==== MATERIAL FOR THIS TASK

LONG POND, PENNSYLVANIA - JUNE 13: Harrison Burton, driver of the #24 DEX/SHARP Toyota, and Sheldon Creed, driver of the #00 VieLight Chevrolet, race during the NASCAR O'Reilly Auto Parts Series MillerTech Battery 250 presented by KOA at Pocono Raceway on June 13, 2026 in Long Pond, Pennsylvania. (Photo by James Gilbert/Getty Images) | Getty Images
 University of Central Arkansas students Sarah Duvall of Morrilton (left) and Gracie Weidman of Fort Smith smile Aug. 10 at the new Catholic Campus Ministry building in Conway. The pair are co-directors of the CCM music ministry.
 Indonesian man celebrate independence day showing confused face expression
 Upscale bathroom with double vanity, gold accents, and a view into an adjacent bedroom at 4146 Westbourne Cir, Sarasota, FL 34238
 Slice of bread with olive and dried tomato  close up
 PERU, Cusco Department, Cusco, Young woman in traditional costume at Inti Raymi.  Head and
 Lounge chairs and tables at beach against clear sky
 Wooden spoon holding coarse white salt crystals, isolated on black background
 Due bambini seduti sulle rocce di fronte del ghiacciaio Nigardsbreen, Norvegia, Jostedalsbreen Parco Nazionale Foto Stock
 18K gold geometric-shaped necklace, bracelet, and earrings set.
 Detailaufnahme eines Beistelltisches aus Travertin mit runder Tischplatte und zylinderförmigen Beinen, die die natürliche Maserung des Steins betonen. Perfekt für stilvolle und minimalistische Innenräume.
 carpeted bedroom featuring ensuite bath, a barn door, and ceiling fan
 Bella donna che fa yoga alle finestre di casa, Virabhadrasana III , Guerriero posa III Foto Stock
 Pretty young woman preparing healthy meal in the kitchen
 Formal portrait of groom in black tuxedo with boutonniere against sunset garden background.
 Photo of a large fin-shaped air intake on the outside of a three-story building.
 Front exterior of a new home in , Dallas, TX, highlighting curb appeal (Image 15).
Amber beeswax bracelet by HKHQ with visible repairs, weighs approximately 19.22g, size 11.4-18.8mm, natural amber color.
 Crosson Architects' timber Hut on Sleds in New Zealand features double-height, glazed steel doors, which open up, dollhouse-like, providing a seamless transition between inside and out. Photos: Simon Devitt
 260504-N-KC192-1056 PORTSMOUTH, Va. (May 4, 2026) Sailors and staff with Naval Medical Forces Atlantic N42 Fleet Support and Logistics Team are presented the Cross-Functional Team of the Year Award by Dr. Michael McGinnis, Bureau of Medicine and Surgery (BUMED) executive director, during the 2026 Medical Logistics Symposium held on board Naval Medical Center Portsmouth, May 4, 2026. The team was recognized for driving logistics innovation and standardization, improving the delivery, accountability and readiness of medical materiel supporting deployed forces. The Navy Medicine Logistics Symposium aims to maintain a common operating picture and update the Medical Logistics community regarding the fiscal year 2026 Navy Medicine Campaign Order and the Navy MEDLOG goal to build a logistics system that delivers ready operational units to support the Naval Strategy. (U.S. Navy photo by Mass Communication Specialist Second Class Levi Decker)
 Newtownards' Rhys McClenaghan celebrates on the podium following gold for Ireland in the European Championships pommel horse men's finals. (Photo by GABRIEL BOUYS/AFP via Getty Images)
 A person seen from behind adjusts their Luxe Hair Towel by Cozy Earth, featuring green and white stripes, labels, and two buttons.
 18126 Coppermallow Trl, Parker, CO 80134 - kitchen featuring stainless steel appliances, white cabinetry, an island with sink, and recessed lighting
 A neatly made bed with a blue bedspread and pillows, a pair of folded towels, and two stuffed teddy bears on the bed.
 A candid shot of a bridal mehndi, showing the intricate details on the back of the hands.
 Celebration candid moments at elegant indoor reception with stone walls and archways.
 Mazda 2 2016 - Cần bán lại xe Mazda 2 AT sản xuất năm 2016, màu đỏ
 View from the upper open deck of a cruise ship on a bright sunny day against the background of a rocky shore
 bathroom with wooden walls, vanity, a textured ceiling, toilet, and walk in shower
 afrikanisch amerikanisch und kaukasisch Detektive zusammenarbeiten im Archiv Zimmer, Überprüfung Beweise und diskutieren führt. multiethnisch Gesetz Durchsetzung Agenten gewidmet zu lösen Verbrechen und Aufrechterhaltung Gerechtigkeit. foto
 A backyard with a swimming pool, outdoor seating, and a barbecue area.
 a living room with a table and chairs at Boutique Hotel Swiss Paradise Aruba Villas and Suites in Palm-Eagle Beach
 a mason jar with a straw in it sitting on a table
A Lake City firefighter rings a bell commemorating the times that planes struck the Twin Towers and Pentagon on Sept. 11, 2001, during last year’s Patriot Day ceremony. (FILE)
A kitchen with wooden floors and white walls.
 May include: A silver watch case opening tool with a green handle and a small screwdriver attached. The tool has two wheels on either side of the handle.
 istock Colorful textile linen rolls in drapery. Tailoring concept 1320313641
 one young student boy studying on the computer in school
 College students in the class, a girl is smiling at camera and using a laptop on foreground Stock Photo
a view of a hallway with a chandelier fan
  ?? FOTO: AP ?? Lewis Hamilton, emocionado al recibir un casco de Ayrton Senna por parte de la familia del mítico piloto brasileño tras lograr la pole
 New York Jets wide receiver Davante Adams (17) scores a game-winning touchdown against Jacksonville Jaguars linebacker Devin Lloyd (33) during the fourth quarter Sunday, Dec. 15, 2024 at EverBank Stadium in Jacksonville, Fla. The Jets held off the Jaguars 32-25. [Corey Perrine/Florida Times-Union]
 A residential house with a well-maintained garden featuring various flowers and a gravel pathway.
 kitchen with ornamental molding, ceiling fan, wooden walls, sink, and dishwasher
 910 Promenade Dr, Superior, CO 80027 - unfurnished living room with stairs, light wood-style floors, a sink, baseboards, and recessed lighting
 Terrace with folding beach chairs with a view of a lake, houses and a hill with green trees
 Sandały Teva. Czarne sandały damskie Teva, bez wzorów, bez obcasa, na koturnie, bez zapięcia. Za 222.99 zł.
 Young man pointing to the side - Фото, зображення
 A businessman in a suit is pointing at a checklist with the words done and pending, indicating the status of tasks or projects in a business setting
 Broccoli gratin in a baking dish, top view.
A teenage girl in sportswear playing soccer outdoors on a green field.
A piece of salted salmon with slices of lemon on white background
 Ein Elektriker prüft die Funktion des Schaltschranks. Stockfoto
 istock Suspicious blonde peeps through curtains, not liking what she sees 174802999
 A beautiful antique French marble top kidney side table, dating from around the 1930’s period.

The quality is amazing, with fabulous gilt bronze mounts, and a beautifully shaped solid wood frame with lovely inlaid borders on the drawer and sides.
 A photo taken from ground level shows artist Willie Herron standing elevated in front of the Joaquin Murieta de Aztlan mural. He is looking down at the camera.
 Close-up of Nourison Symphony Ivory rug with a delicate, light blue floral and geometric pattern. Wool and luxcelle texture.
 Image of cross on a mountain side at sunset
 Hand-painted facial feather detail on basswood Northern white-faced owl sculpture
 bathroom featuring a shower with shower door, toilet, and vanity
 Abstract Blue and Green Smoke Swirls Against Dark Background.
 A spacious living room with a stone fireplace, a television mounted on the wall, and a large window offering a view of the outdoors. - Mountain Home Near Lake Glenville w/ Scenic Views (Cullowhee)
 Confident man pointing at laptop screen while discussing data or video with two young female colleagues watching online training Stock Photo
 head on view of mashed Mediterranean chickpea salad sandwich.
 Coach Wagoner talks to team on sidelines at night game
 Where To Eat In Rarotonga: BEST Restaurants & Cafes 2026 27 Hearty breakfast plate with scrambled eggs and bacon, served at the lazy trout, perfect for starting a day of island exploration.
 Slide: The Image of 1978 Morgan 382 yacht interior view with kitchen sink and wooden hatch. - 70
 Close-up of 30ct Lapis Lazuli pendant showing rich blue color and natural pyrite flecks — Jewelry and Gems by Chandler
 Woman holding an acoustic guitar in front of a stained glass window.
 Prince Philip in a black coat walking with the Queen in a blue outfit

========

● WHAT TO PRODUCE: Write out exactly the lines above from the line with "Photo of a large" through the line with "Front exterior of", both of them included, and leave out all other lines.

● YOUR SOLUTION:
 Photo of a large fin-shaped air intake on the outside of a three-story building.
 Front exterior of a new home in , Dallas, TX, highlighting curb appeal (Image 15).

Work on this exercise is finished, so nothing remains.